_Exercise material:_

• • • • •

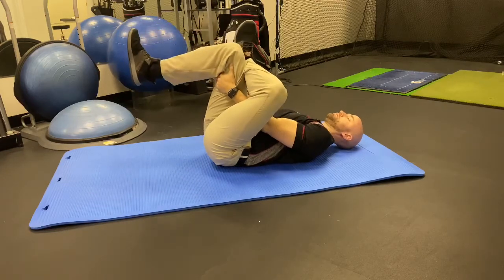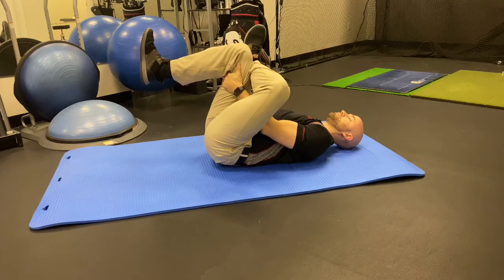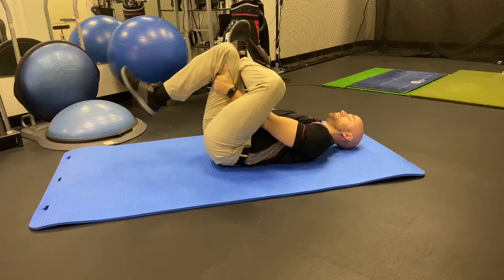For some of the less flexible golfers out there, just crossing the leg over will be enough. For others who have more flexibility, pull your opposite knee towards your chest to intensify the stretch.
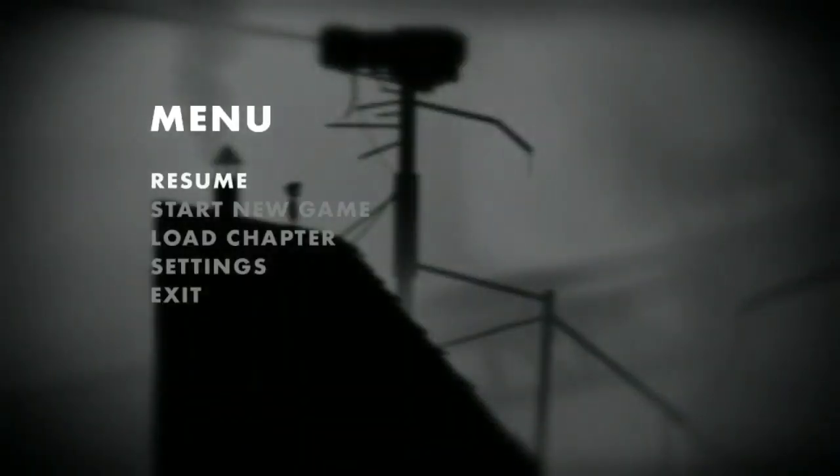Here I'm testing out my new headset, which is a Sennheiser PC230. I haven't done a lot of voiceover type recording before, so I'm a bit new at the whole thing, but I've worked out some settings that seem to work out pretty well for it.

• • • • •

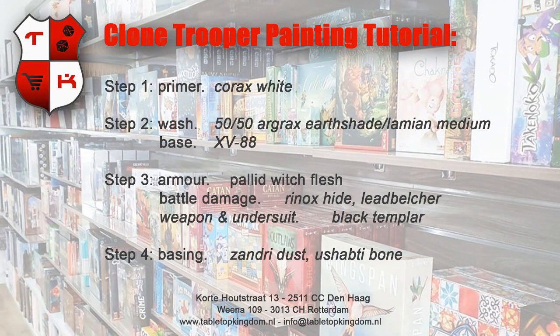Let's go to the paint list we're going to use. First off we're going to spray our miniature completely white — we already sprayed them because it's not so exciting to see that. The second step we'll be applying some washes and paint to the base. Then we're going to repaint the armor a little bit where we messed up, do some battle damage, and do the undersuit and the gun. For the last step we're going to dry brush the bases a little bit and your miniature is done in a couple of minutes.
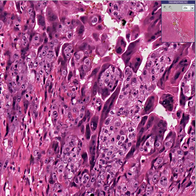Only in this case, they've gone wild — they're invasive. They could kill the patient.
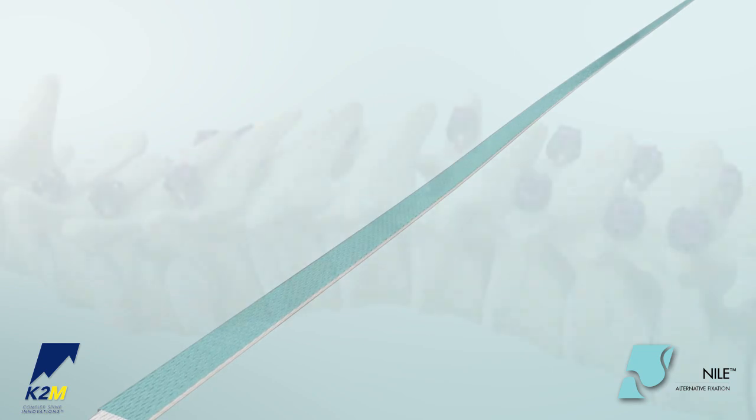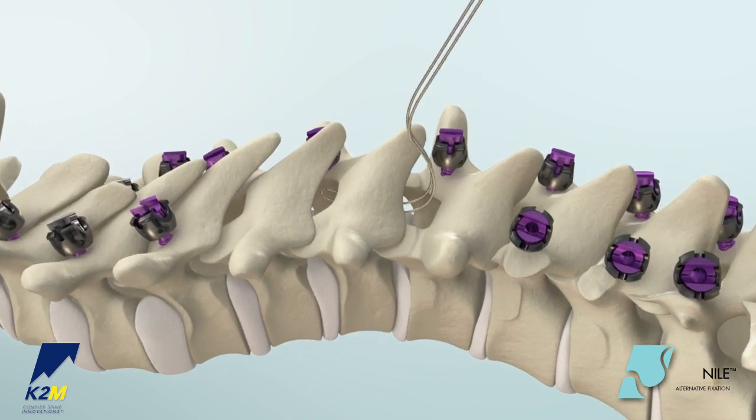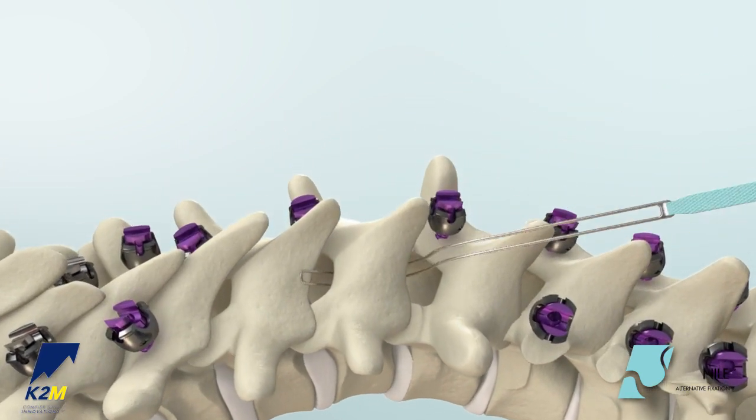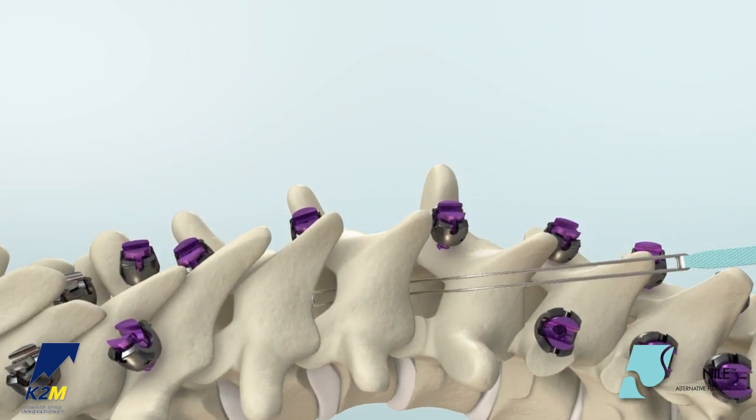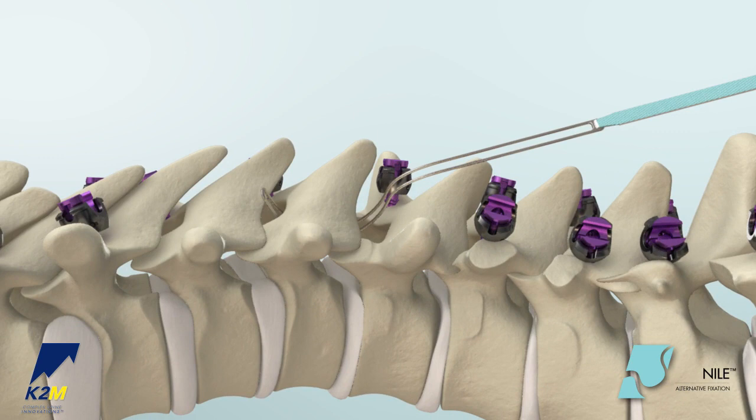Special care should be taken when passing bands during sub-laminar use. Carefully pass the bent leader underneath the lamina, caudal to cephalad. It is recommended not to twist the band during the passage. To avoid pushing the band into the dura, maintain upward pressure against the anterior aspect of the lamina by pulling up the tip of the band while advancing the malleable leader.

• • • • •

_What is required:_ Only one part of the material above is wanted: the lines from the one with "Only in this" up to and including the one with "Special care should". Please copy them exactly, pictures left out.

_Solution for this problem:_
Only in this case, they've gone wild — they're invasive. They could kill the patient.
Special care should be taken when passing bands during sub-laminar use. Carefully pass the bent leader underneath the lamina, caudal to cephalad. It is recommended not to twist the band during the passage. To avoid pushing the band into the dura, maintain upward pressure against the anterior aspect of the lamina by pulling up the tip of the band while advancing the malleable leader.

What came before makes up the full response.